What to do -> Output the entries word for word. Omit images.

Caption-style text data
*** Block opens ***
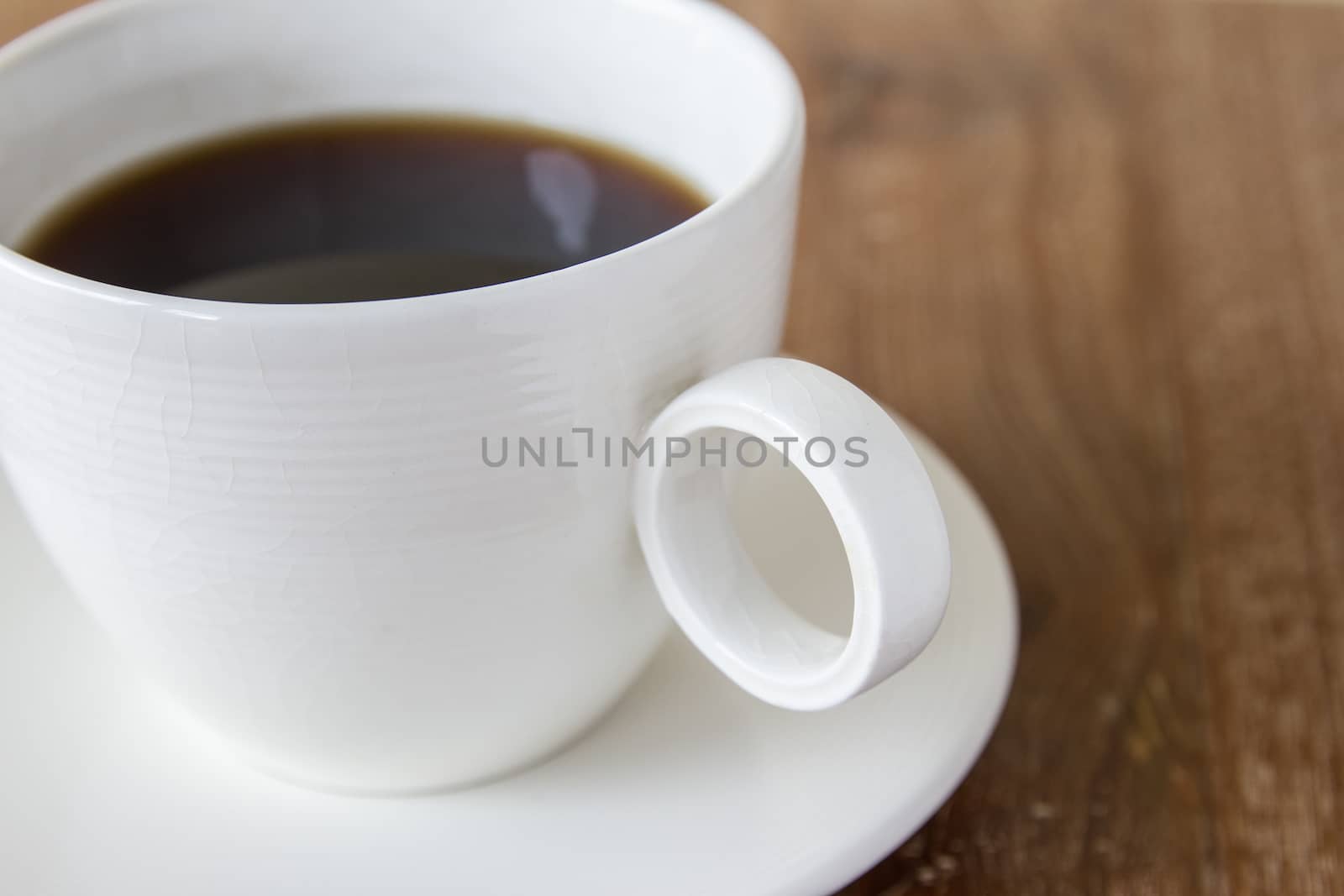 White cup of coffee on wooden table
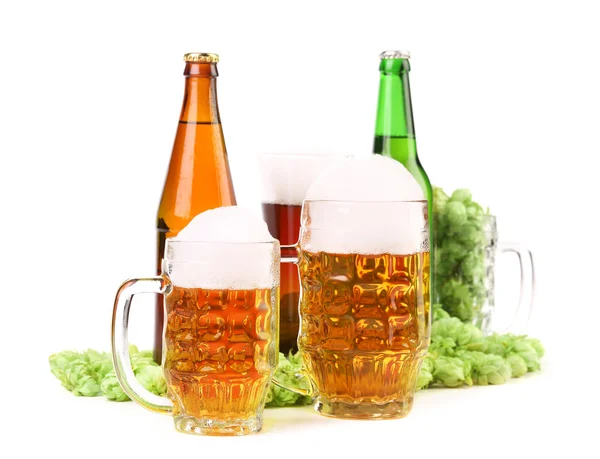 Two mugs of beer with foam and bottels — Stock Photo, Image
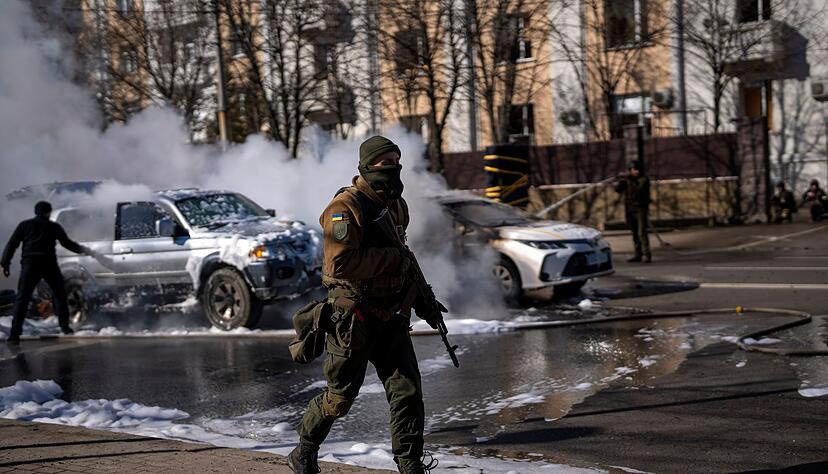 Ein ukrainischer Soldat bezieht Stellung vor einer Militäreinrichtung, während Feuerwehrleute im Hintergrund zwei brennende Autos löschen. Ein ukrainischer Soldat bezieht Stellung vor einer Militäreinrichtung, während Feuerwehrleute im Hintergrund zwei brennende Autos löschen.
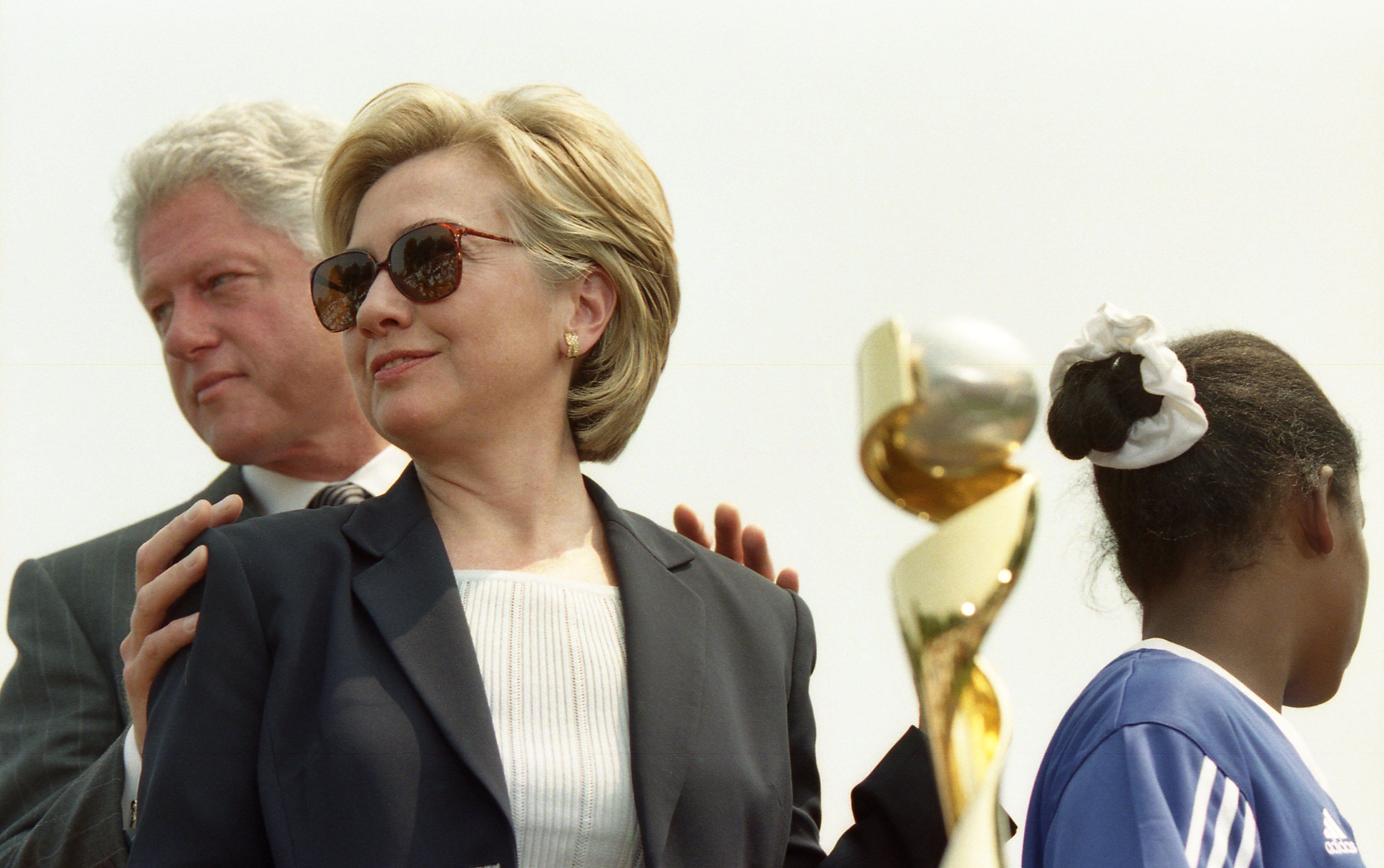 A close-up shot captures First Lady Hillary Clinton looking off-camera while wearing a black blazer, a white top, sunglasses, and gold earrings. Former U.S. President Bill Clinton stands partially behind her, placing his hand on her shoulder. On the right, the back of a young Black girl's head is visible in a blue Adidas sports jersey with a white scrunchie in her hair, alongside a portion of a gold trophy.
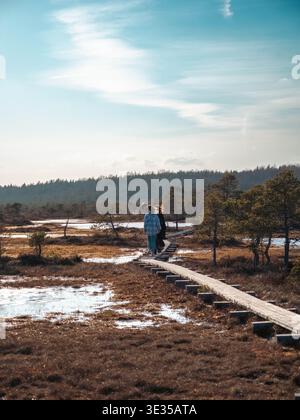 Two hikers walking wooden boardwalk over Kakerdaja bog with frozen pools and forest backdrop, Estonia Stock Photo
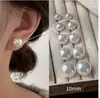 Pó para Pão Chinês no Vapor Shijia Brilhante Leite Branco Pérola Brilhante Brincos para Mulheres Agulha de Prata Esterlina S925 Nicho High-End Versátil Novos Brincos
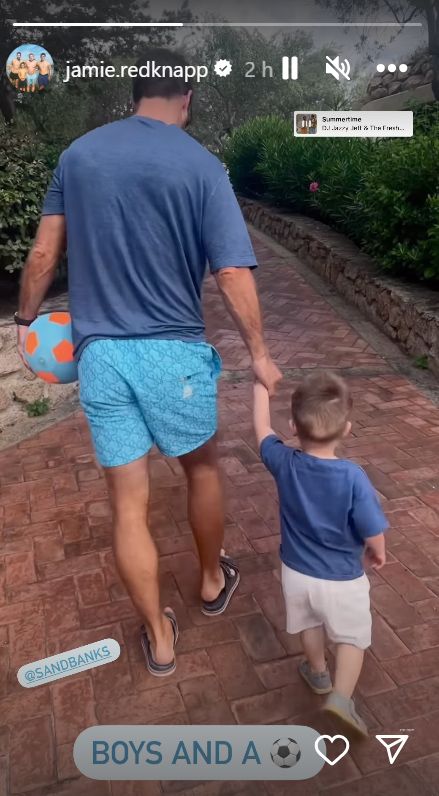Jamie Redknapp holds the hand of his youngest son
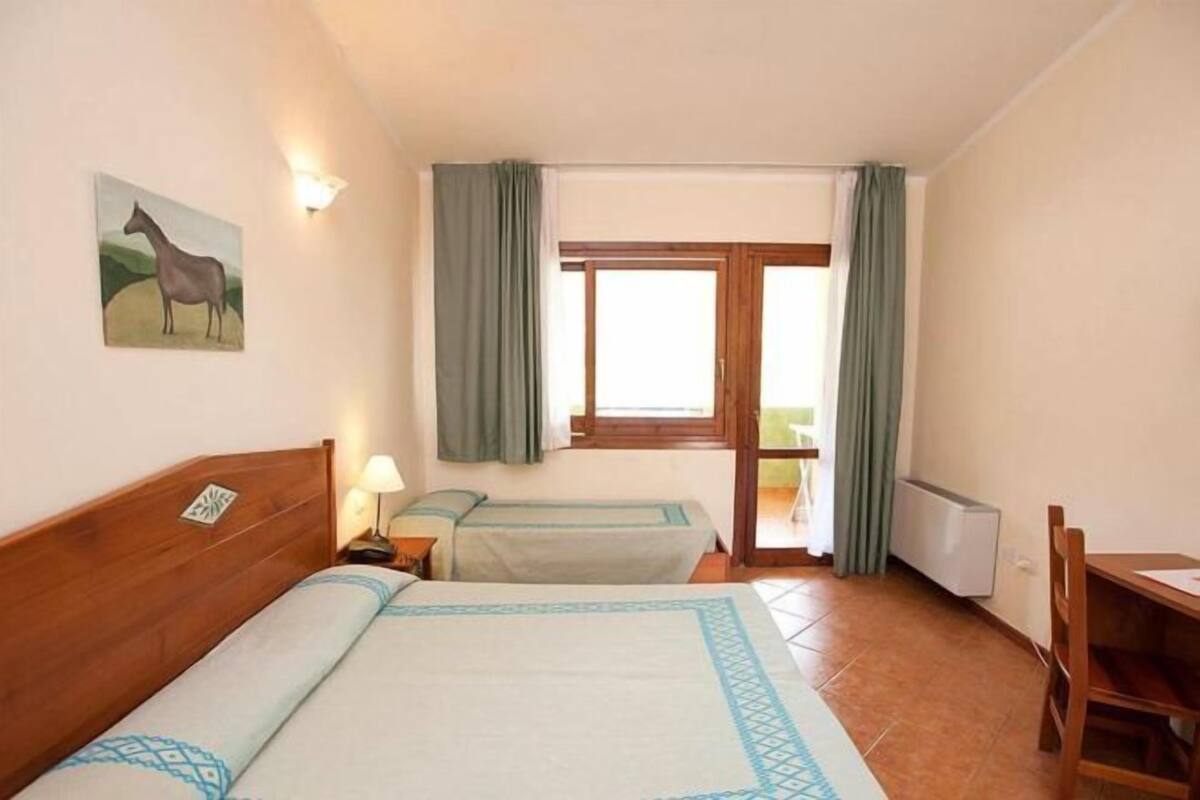 A hotel room with two beds, a window with curtains, a radiator, and a painting on the wall.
*** Block closes ***
Problem solution ->
 White cup of coffee on wooden table
 Two mugs of beer with foam and bottels — Stock Photo, Image
 Ein ukrainischer Soldat bezieht Stellung vor einer Militäreinrichtung, während Feuerwehrleute im Hintergrund zwei brennende Autos löschen. Ein ukrainischer Soldat bezieht Stellung vor einer Militäreinrichtung, während Feuerwehrleute im Hintergrund zwei brennende Autos löschen.
 A close-up shot captures First Lady Hillary Clinton looking off-camera while wearing a black blazer, a white top, sunglasses, and gold earrings. Former U.S. President Bill Clinton stands partially behind her, placing his hand on her shoulder. On the right, the back of a young Black girl's head is visible in a blue Adidas sports jersey with a white scrunchie in her hair, alongside a portion of a gold trophy.
 Two hikers walking wooden boardwalk over Kakerdaja bog with frozen pools and forest backdrop, Estonia Stock Photo
 Pó para Pão Chinês no Vapor Shijia Brilhante Leite Branco Pérola Brilhante Brincos para Mulheres Agulha de Prata Esterlina S925 Nicho High-End Versátil Novos Brincos
Jamie Redknapp holds the hand of his youngest son
 A hotel room with two beds, a window with curtains, a radiator, and a painting on the wall.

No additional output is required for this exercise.